Como iglesia evangélica no podemos seguir
siendo más que simples espectadores, debemos ser agentes de cambio social,
motores de la transformación, siendo sal y luz. La iglesia debe ser la
respuesta para tanto dolor, convirtiéndose en un lugar de sanidad y protección,
educando en los principios bíblicos que previenen el maltrato y poniendo en
marcha programas que den respuesta a la violencia de género.
En primer lugar, debemos hacer hincapié en la
definición del concepto de violencia de género, ya que resulta muy común
comparar este tipo de violencia con la llamada “violencia doméstica”. Por este
motivo, establecemos a continuación de forma resumida algunas consideraciones
sobre ambos conceptos:
Violencia
doméstica:
se lleva a cabo en el hogar entre los miembros de la pareja, entre los hijos,
entre hijas y padres, hijos y madres, etc. Se define como: “toda forma de
violencia física, sexual o psicológica que pone en peligro la seguridad o el
bienestar de un miembro de la familia”
Violencia
de género:
es aquella en la que las víctimas son mujeres y los agresores las atacan por el
hecho mismo de ser mujeres, como resultado de los estereotipos socialmente
constituidos que aseguran la dominación masculina y la conservación del modelo
patriarcal.
La violencia doméstica tiene un carácter más
amplio que abarca todos los componentes del ámbito familiar, incluyendo, por
tanto, conceptos como maltrato infantil, abuso sexual y maltrato de la mujer.
Al mismo tiempo, para ser catalogada como violencia doméstica tiene que ser
ejercida por una persona que conviva bajo el mismo techo que la víctima y
existir una relación de parentesco entre ambas.
La violencia de género es ejercida por un
hombre sobre una mujer por razón de género únicamente, además de no ser necesario
que ambos residan en el mismo ámbito familiar y no tiene por qué existir un
vínculo de parentesco.
Aun así, la violencia de pareja constituye una
forma de violencia de género en la que la mujer es maltratada por su pareja
como forma de dominación.
Cuando las víctimas sufren, también Dios sufre.

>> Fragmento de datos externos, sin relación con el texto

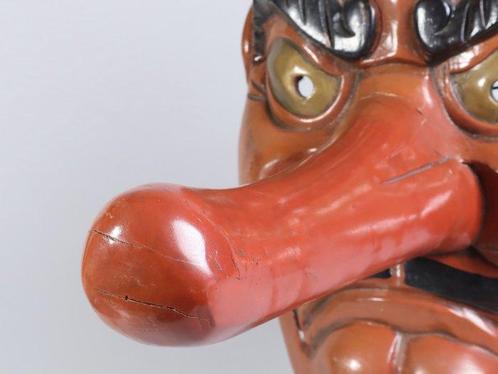 Mask - Masque de Tengu – Hochet mural laqué vermillon pour, Antiek en Kunst, Antiek | Overige Antiek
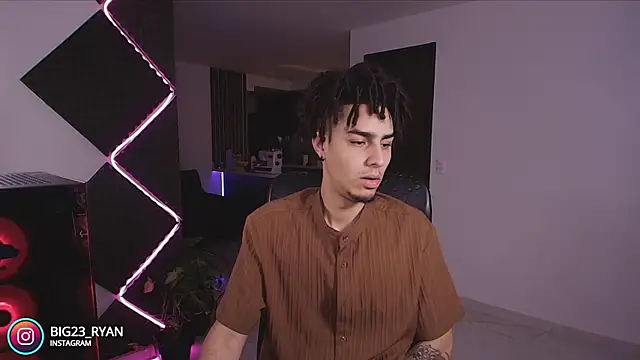 Snapshot of bigryann23 chatting on November 2025 03:43:02 AM bigryann23 online show from November 2025 03:43:02 AM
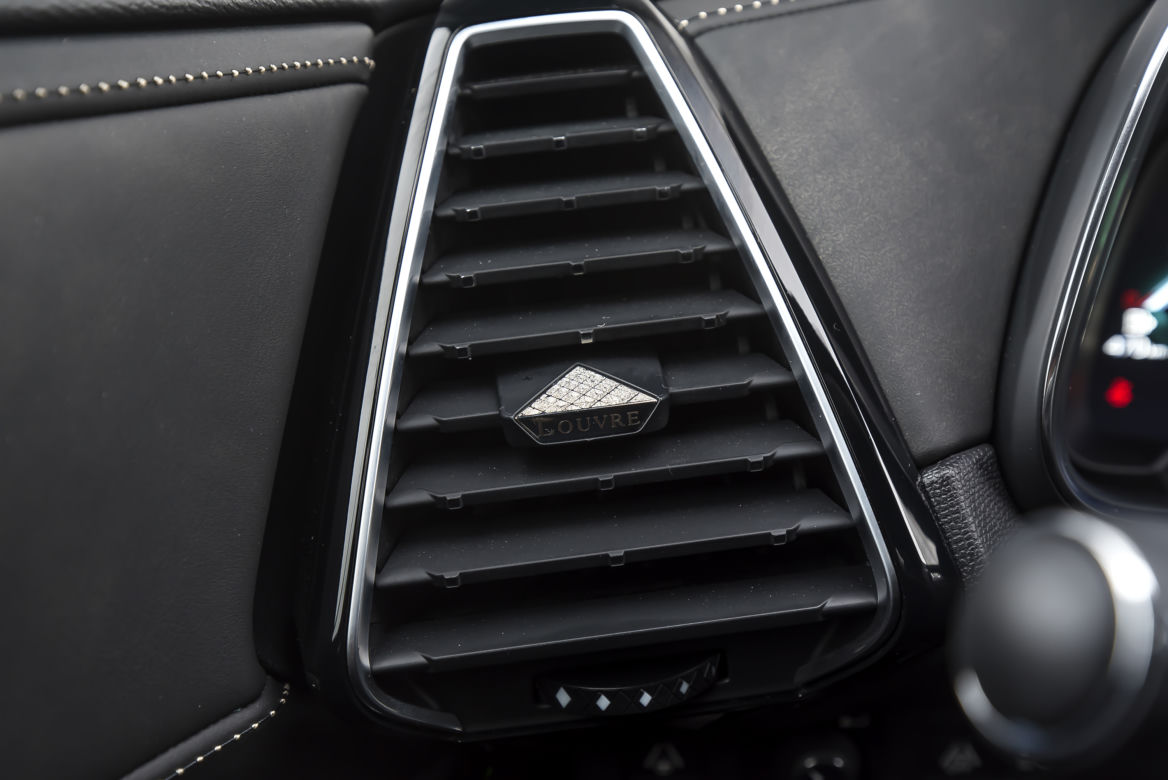 DS 7 Crossback E-Tense 300 4x4 Louvre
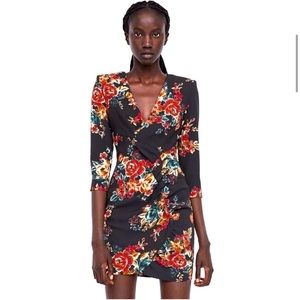 Zara black elegant Floral dress. Great dress for valentine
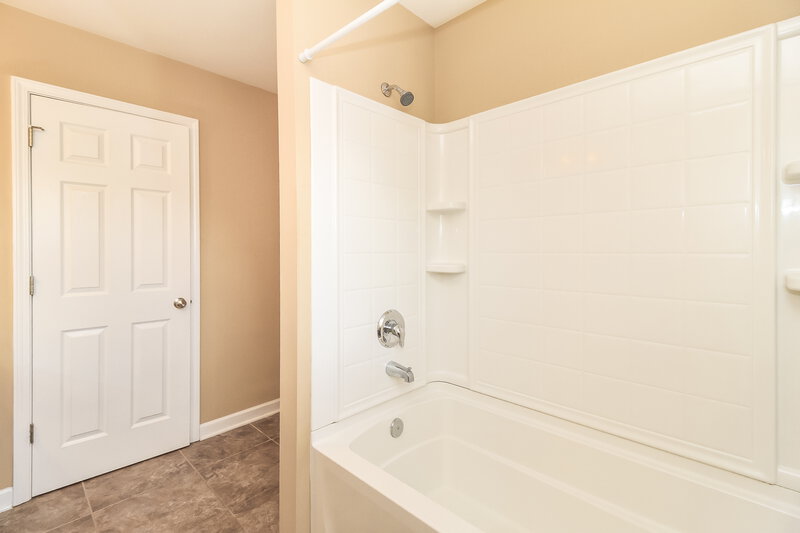 1,710/Mo, 110 Konnoak Village Circle Winston-Salem, NC 27127 Main Bathroom View 2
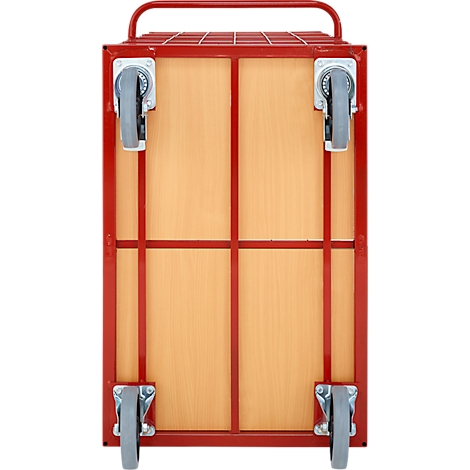 Bovenaanzicht van een rode transportkar met houten plaat en vier grijze wielen.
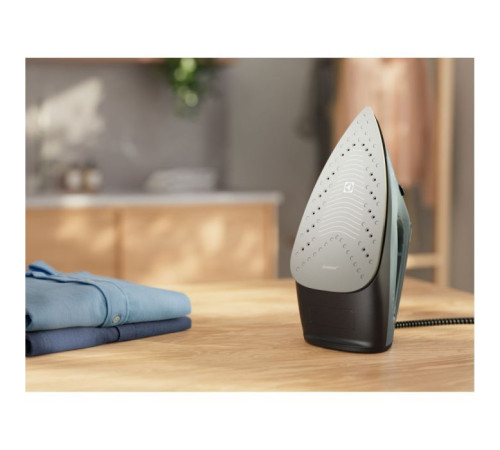 Парова станція Electrolux E8ST2-8OG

Denunciemos juntos para vencer toda forma de violencia que es ofensa contra
Dios y la humanidad.
Se suele decir que la violencia contra la mujer
es un asunto familiar y privado, por lo que debería tratarse en ese ámbito. La
realidad mundial ha revelado que ya no se trata de un asunto privado entre
particulares sino de una cuestión que aqueja a muchas mujeres de todo el
planeta, sean adineradas o indigentes; tengan un alto nivel de educación o sean
analfabetas; ocupen altos cargos o sean jornaleras, pertenezcan a la alta
sociedad o vivan en barrios marginales. La violencia supera todas las barreras
y se cierne sobre las mujeres de todas las edades que claman por medidas
afirmativas y estrictas.
Los clamores de estas mujeres ya no pueden
acallarse ni ahogarse entre las cuatro paredes de su hogar en nombre del
orgullo, el honor, la seguridad y la estabilidad de la familia o de los hijos,
etc. porque la violencia contra la mujer es un pecado.
Otros pueden decir que esta es una cuestión de
mujeres y que ellas mismas deberían resolverla. Algunas mujeres lo hacen,
luchando por la justicia mediante la sensibilización, bregando por cambios de
estructuras y políticas, y por prestar servicios a las víctimas, acompañándolas
en el camino que las llevará de la condición de víctimas a la de
supervivientes. Pero nada de ello ha impedido la perpetuación de la violencia.
La religión puede servir a menudo de
herramienta para oprimir a la mujer. La tarea de la comunidad de fe consiste en
afirmar el potencial liberador de la religión, los Pastores, Maestros y
Apóstoles de las iglesias son los primeros llamados a actuar en función de una
iglesia que dignifique la creación divina.